- Born: Anne "Annie" Leticia Smith March 4 1866
- Died: April 20 1924
- Burial place: Charlotte, North Carolina
- Other names: Annie Smith Hovey
- Occupations: Librarian, library director
- Years active: 1902–1910
- Organization: Charlotte Carnegie library
- Board member of: North Carolina Library Association (president), North Carolina Library Commission (secretary), Children's Librarians Section advisory board of the American Library Association (appointed member)
- Spouse(s): James T. Ross, Edward Clarence Hovey
- Children: One son (died in infancy)
- Parents: Captain Thomas T. Smith (father); Laura Barbara Boone (mother);

= Annie Smith Ross =

American librarian (1866–1924)

Annie Smith Ross (March 4, 1866 – April 20, 1924), born Anne "Annie" Leticia Smith and later known as Annie Smith Hovey, was the first professionally trained librarian and library director at the public library in Charlotte, North Carolina, USA. In addition to her work in the local community, Ross led the creation of the North Carolina Library Association, a statewide organization of librarians that is active to this day, and served as the organization's first president from 1904 until 1908. She served as secretary of the North Carolina Library Commission and as an appointed member of the Children's Librarians Section advisory board of the American Library Association.

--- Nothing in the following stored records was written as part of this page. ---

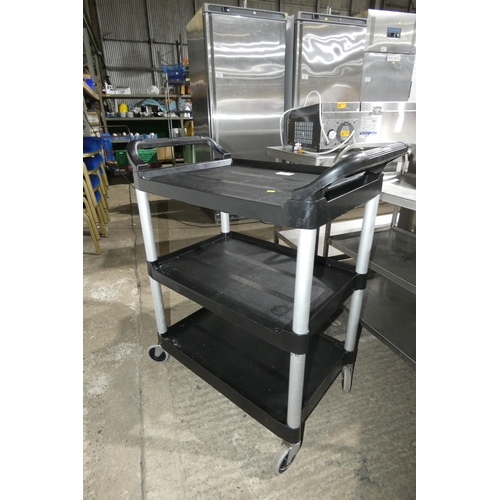 1419 - A Rubbermaid two tier trolley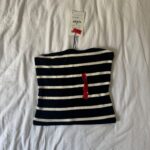 סטרפלס שחור פסים Pull & Bear - פול אנד בר יד שנייה בנמיז - Nemyz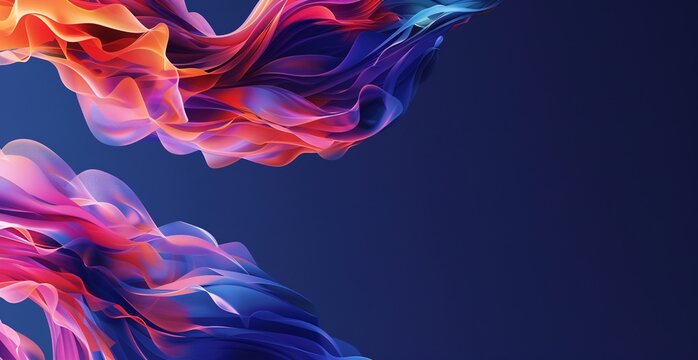 Vibrant abstract background with flowing smoke-like waves in fiery orange,Ideal for modern graphic designs, digital presentations, event banners, creative branding, and artistic marketing visuals.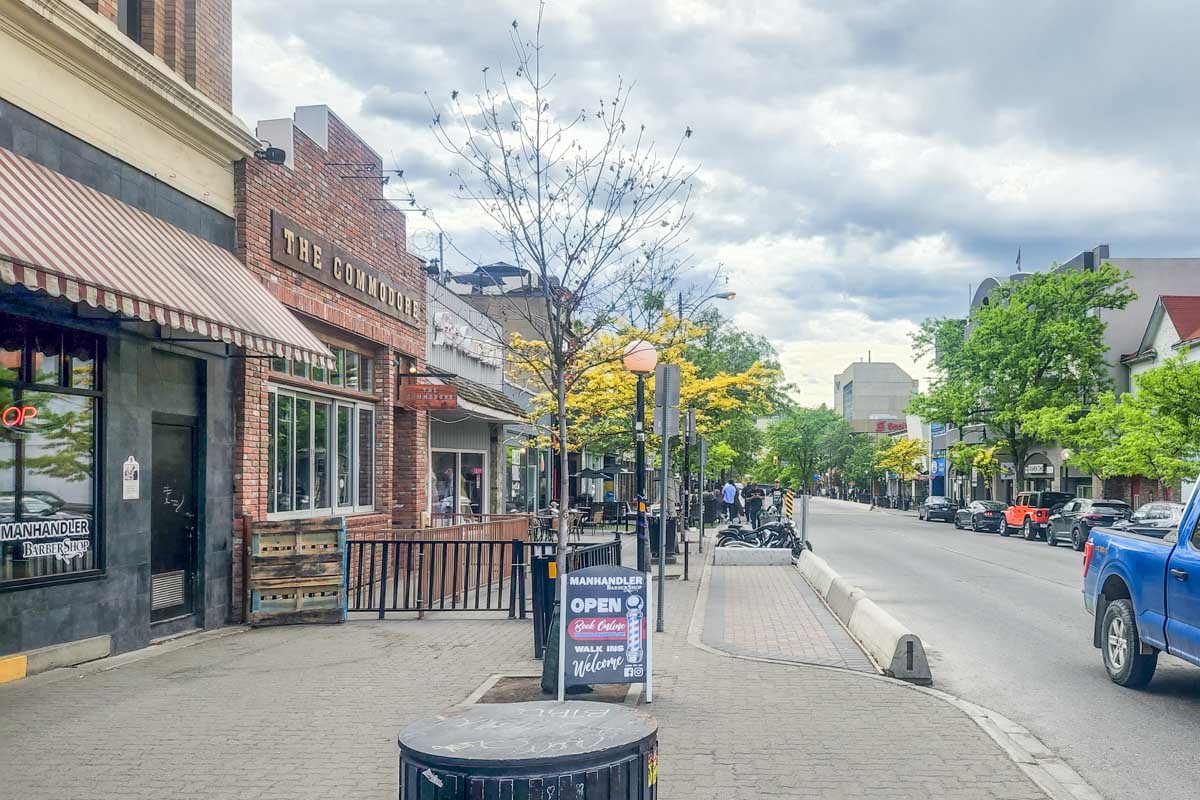 A downtown Kamloops street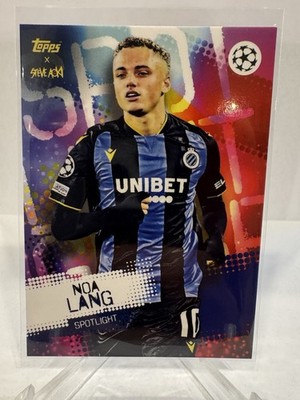 Topps Steve Aoki 2021/22 UEFA Champions League Club Brugge Noa Lang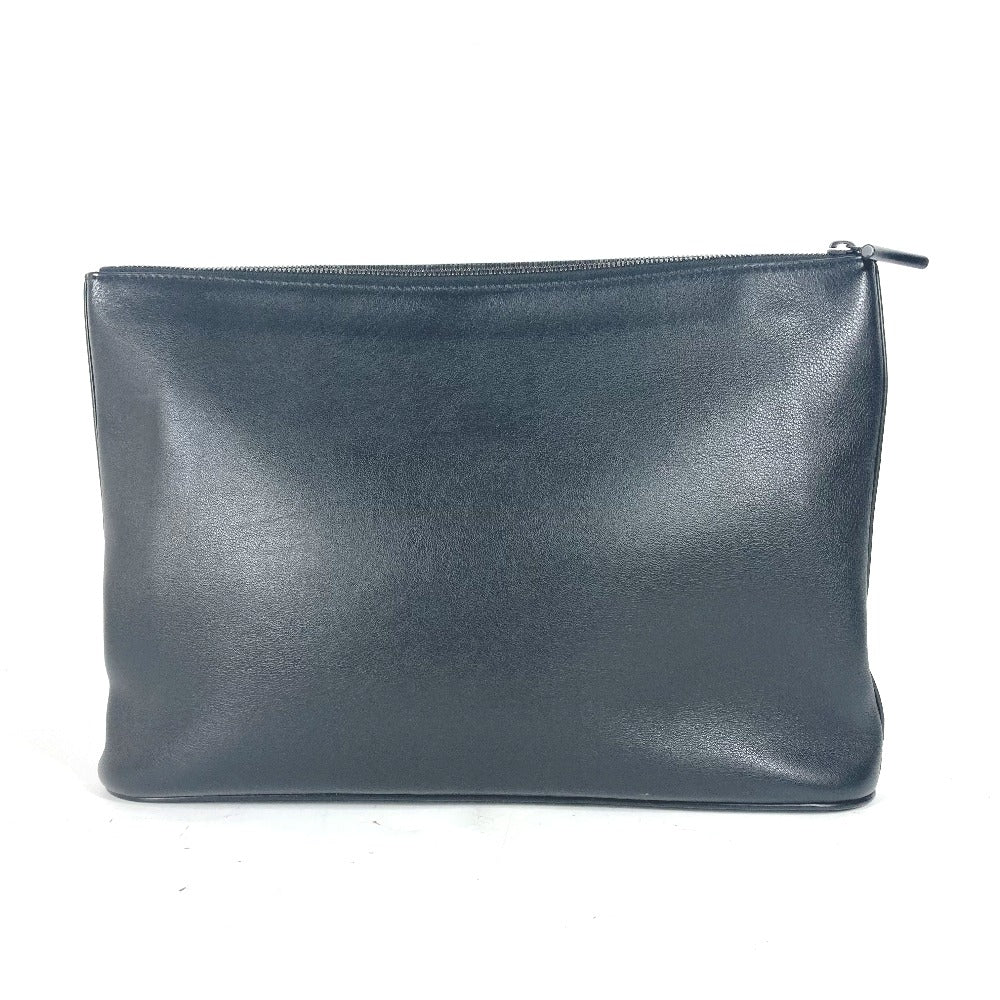 LOUIS VUITTON M63268 ダークアンフィニティ ポシェット コスモス ポーチ カバン クラッチバッグ レザー ユニセックス ブラック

Ross's librarian work centered on the Carnegie library located at 6th and Tryon streets in Charlotte. (The original building was torn down in 1954, and the area is now served by the Charlotte Mecklenburg Library system.) She worked there from before the library's opening day in 1903 until her resignation in 1910. Ross was an example of an early public librarian in the state, as "public libraries were almost unknown in North Carolina until 1900."

== Early life, education, and first marriage ==
Anne "Annie" Leticia Smith was born on March 4, 1866 to Laura Barbara Boone and Captain Thomas T. Smith, and grew up in Alamance County, North Carolina. Later her family moved to Charlotte, North Carolina, where her father worked for railroad companies. Ross graduated from the Charlotte Female Institute in Charlotte, studying literature and history.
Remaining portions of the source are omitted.